Ah, tapi memang begitulah sunnatullaahnya. Bahkan Rasulullaah Shalallaahu 'Alayhi Wa Sallam pun mendapatkan perlakuan yang lebih parah, lebih sadis dibandingkan itu.
Mungkin...
mungkin hati mereka masih terbelenggu.
Terbelenggu akan iming-iming dunia.
Terbelenggu akan jani-janji palsu para kiyai dan habib junjungan mereka...
Terbelenggu akan hal-hal yang diajarkan nenek moyang mereka, dan sudah mendarah daging di tubuh mereka, hingga rasanya sulit melihat kebaikan yang palsu dan kebaikan yang sesungguhnya.
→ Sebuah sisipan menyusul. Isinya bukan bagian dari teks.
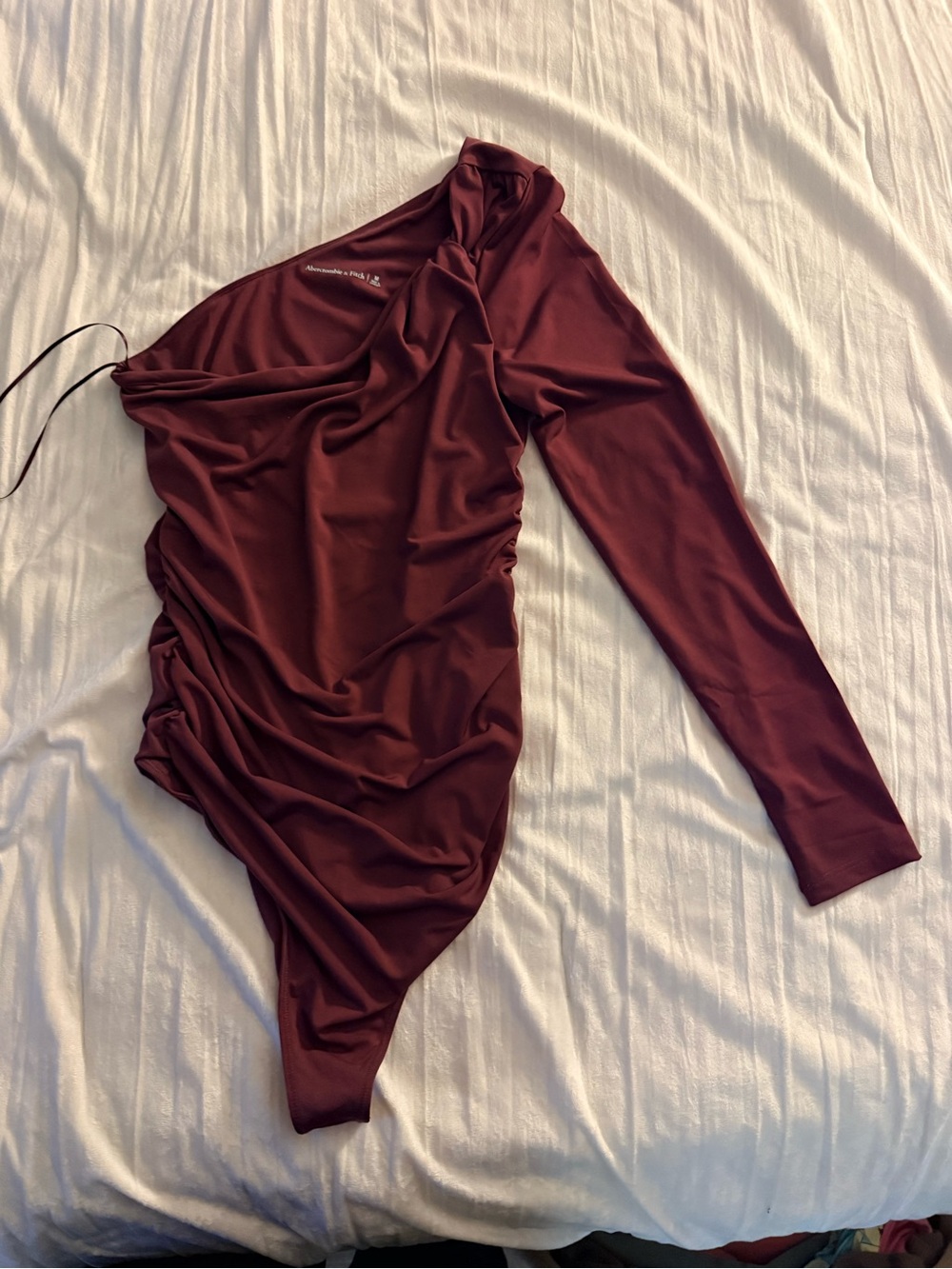 Abercrombie & Fitch Wine Red One-Shoulder Bodysuit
Aku, pernah ada di situasi tersebut. Pernah ada di kondisi di mana aku tidak mengerti bahwa aku sudah terjatuh dalam hal yang syubhat. Seluruhnya samar. Seluruhnya abu-abu. Padahal, diin ini telah terang dan jelas, mana yang putih mana yang hitam. Mana yang terang mana yang gelap.
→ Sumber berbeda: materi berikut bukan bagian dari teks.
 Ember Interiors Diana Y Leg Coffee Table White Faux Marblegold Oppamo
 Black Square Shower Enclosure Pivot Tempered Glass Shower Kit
Sehingga, tak ada yang bisa aku lakukan selain mendoakan kebaikan bagi diriku agar aku tak luput dari diin ini...
Agar aku segera bangkit ketika futur itu datang...
Agar aku tidak berpaling lagi dari jalan ini...
Juga mendoakan untuk mereka yang belum mengerti, yang in syaa Allaah setelah ini semoga Allaah mengizinkan mereka untuk mengerti...
Semoga mereka diampuni oleh Allaah Yang Maha Pengampun...
Semoga Allaah turunkan hidayah bagi aku, kamu, dan mereka...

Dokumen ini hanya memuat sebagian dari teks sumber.